Yes ofcourse. You have mine :)
I've never seen a man work so hard for contribution++
civil war
Unfortunately, T1duS is done with his quota of comments on this blog, and now is crying in front of us all others on testers grp that he can't reply to you.
This is how a champion works bro:
Tune in on 6th June to learn more!
https://www.youtube.com/watch?v=FTcgA2eQ1XE
ngl, when I read "give me some ideas", I thoughts its a shot from a telegram cheating grp lol. But apart from jokes, yeah, he is :orz:
The last round had very nice problems!! Expecting even more nicer problems this time!!
Glad to hear that you liked the tasks,
If you are mad at anyone, you should be mad at me or the other setters. As a coordinator Anton did the best he could/was humanly possible.
Problems were nice.. any failure is a part of the contestant's fault.
Thanks to the last round, I can be rated this round :D
.
Div 1.5 on it's way :(
Will the contest be difficult? Scoring looks fine tho
Is it a trap again? :)
nastia and scam? :)
Lets hope this round will be as good as yours, and not a trap.

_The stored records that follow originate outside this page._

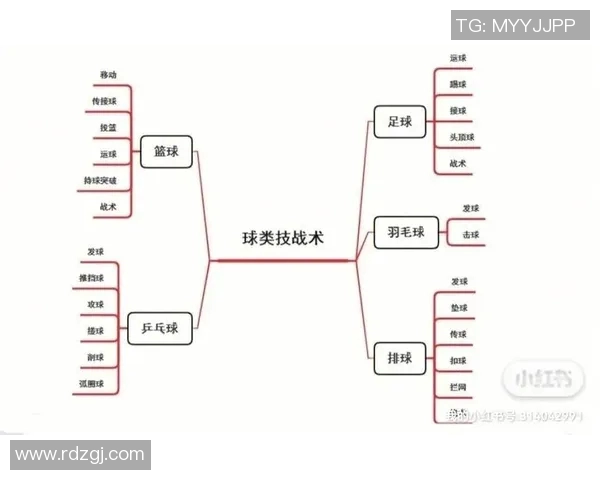 深圳篮球队快攻体系解析与战术运用探讨 深圳篮球队快攻体系解析与战术运用探讨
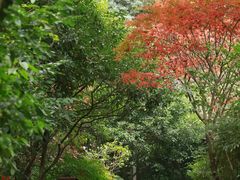 -十八棵（老龙井）御茶园(老龙井店)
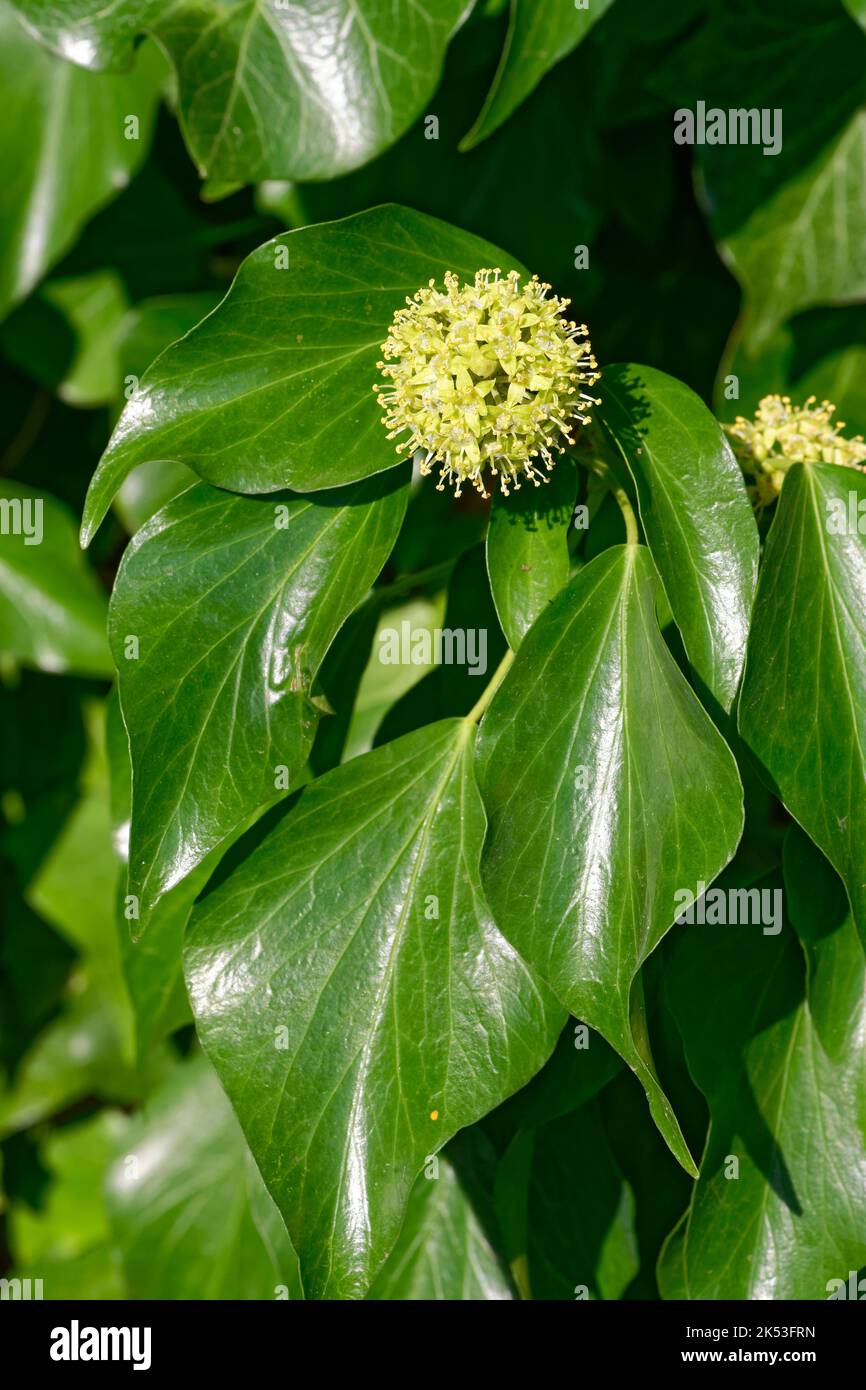 Efeublume und Blätter - Hedera Helix Stockfoto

But I can already see its_Atrap
Now, we can be perfectly sure that it indeed was a trap. Feel free to blame its_Atrap
Which problem is an Interactive Problem? It should not be anyone one of A, B and C. :(
I guess may be C will be interactive. As it is also divided in two significantly easy questions.
Why does that indicate interactivity?
Maybe some number of queries based.
Easy one — at most N queries.
Hard one — at most N/3 queries.
Prerequisite : Binary Search.
Time Complexity : N_LogN
If not interactive then it must be a brainteasers or why would c will be divided into similar difficulty of A and B?
Looks like you haven't participated in many contests having subproblems. It always has been this way.
Because C has been split for non-interactive problems before? What's so special about interactivity?
Also in all likelihood, solving C2 (i.e. both parts of C) will be harder than B. It is just that it has an easy subtask.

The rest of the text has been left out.